Alright, so we're going to look at buying this property for one and a half million at about a 6% cap rate on current rent. We're going to need to make major renovations within the next 10 to 15 years. It is kind of old. There has been some renovations, but it wasn't recent. So now we can look at two investment options. One is to do a light initial renovation and then do a major renovation at the exit.
Option two is to do a major renovation up front and then do a light touch up at the exit. So we're going to go through both scenarios and see what the considerations might be when we look at these two different scenarios for the analysis. Alright, some additional information is that in this market we are lookin' at other listings of similar types of smaller apartment units that are comparable.
And in these markets what we're seeing is around five to 6% cap rates for those types of properties as well that are comparable, though they're generally slightly newer than the product we're lookin' at, our target property. And the other listings tend to cost about 15 to 20,000 more per unit. So the way we're lookin' at our target property, it might be a better value add play, right? So what does the market rents tell us? Well, if we look at existing and market rents for the one bedroom, so the current one bedroom units in the target property, they're only achieving $800 a month, but the comparable one bedroom units are averaging over $900 a month.
And if we look at the two bedroom units, the two bedroom units are getting 1,000 a month in the existing, the target property, but the market comps are showing almost 1,200 a month. Right, just 1,150. So there's a 15% discount to the market due to probably the fact that it's a older unit and quite possibly the current owner might be conservative.
They might have been burned before tryin' to overcharge or they just don't want to raise the rents on their existing tenants. Whatever that may be, the target property is not realizing its full market rental potential. So there might be so opportunities here. Now, something else to keep in mind for this market for the target property is that it's five minutes from a major employer and there are over 75,000 jobs within five minutes of the target property, right? So this means that there's really good, strong long-term job figures.
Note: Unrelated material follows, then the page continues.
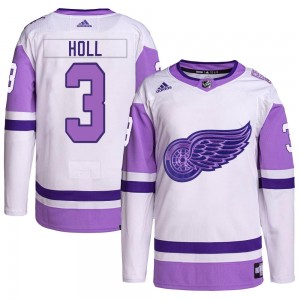 Youth Adidas Detroit Red Wings Justin Holl White/Purple Hockey Fights Cancer Primegreen Jersey - Authentic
Disney isn't expected to go anywhere. It's only getting more crowded. So although Disneyland does employ a lot of temporary short-term jobs, there is a major industrial park in that area that's hosting over 2,600 businesses That's creating another 55,000 jobs that are within five miles, or five minutes from this target property.
So, overall, it's actually very good. It's not super tourist reliant. If there's a downswing in tourism, it might hurt some of the local businesses, but overall it seems like there's some good, long-term market dynamics there. Now, demographically in this market, we've seen some steady population. It hasn't been growing, but it hasn't been shrinking either. And it's only been growing at about a 1% a year. It's mostly consisting of working class families that make up to 75% of the households.
Moderate income levels. The average household income is 50,000 a year, which means that this is one of the more affordable cities that is sandwiched between much higher cost cities, both north and south of it. Alright, north of this area is Los Angeles where housing prices cost a lot more, as well as south of that is Orange County. Again, much higher household incomes than this sort of city right around Disneyland where it's much more moderate.
So in the next two lectures we're going to look at this example in more depth. First one we're going to try to do the low upfront renovation, and then the second one we're going to do the higher upfront renovation and see what the differences are.